Regarding Gaussian Blur, a large speedup value is achieved in both cases. Gaussian Blur contains two 2-d arrays (images) and a \(5 \times 5\) mask array which is always shifted by one position to the right to the input image. The input image and the mask array achieve data reuse and thus both array elements are assigned into registers. Regarding Intel processor, the speedup values are 2.3 and 2.1 for gcc and icc, respectively, while for PowerPC the highest speedup value is achieved, i.e., 2.7. Loop tiling is performance efficient only for very large input sizes. As far as PowerPC is concerned, it achieves a larger speedup value than Intel because by creating a large loop body, compilers apply scalar replacement to the Gaussian mask elements, decreasing the number of load/store and arithmetical instructions; the decreased number of instructions has a larger effect on the smaller PowerPC processor which contains only one ALU unit.

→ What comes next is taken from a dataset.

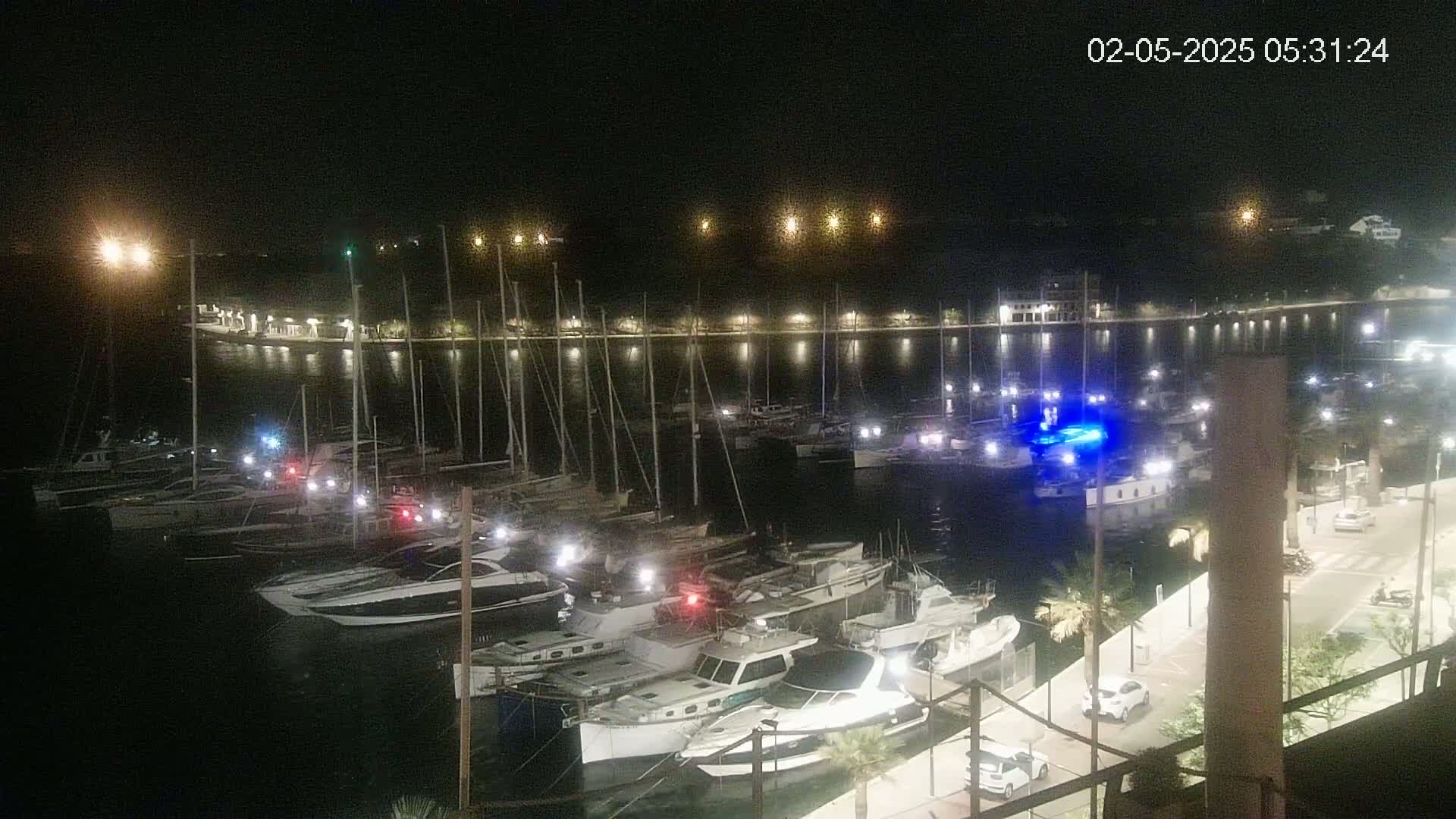Many boats are docked in a harbor at night, illuminated by lights along the shore.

FIR achieves a significant but not large performance gain (Table 3) because FIR arrays are of small size. In the case that L1 data cache size is smaller than twice the size of the filter array, loop tiling is necessary. This is because the filter array and a part of the input array (they are of the same size) are loaded in each iteration; if L1 is smaller than this value, the filter array cannot remain in L1 and thus it is fetched many times from the upper memory. In this case loop tiling for L1 is performance efficient; loop tiling is not applied for Intel L2/L3 cache memories since the total size of the arrays is smaller here.

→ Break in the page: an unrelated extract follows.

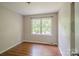 Bedroom with wood floors and a window at 7320 Ritter Dr, Charlotte, NC 28270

In Sobel Operator two \(3 \times 3\) mask arrays are applied to the input image, shifted by one position to the right. I use the Manhattan instead of Euclidean distance because in the latter case performance highly depends on the Euclidean distance computation (especially on PowerPC); I use if-condition statements instead of atan() functions for the same reason. PowerPC achieves a larger speedup value than Intel because by increasing the loop body size, compiler apply scalar replacement to the Sobel mask elements (Sobel mask elements contain only ones and zeros), decreasing the number of load/store and arithmetical instructions; the decreased number of instructions has a larger effect on the smaller PowerPC processor which contains only one ALU unit.

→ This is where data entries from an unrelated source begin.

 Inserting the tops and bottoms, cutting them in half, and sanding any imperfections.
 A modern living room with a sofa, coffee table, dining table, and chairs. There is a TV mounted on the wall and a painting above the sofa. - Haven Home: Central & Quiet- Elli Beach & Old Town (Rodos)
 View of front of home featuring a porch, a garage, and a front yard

Regarding Jacobi 9-point Stencil, speedup values are 1.7 and 1.4 over gcc and icc, respectively (Intel processor). As far as PowerPC is concerned, a larger speedup value is achieved (1.9). Data reuse is achieved in each iteration for the six of the nine array elements which are assigned into registers. Three loads occur in each iteration and not nine, since six registers interchange their values as in (Fig. 3d). Regarding Intel processor, data reuse is achieved by computing more than one result (from vertical dimension) in each iteration.

Finally, Gaussian Elimination achieves the lowest speedup gain on both processors because of the data dependencies (the proposed methodology can be applied partially). Loop tiling is not performance efficient on both processors since the upper row of the matrix which achieves data reuse, fits in the L1 data cache at all cases.

5 Conclusions

In this paper, six compiler optimizations are addressed together as one problem and not separately, for a wide range of algorithms and computer architectures. New methods for loop unroll and loop tiling are given which take into account the custom SW characteristics and the HW architecture details. In this way, the search space is decreased by many orders of magnitude and thus it is capable to be searched.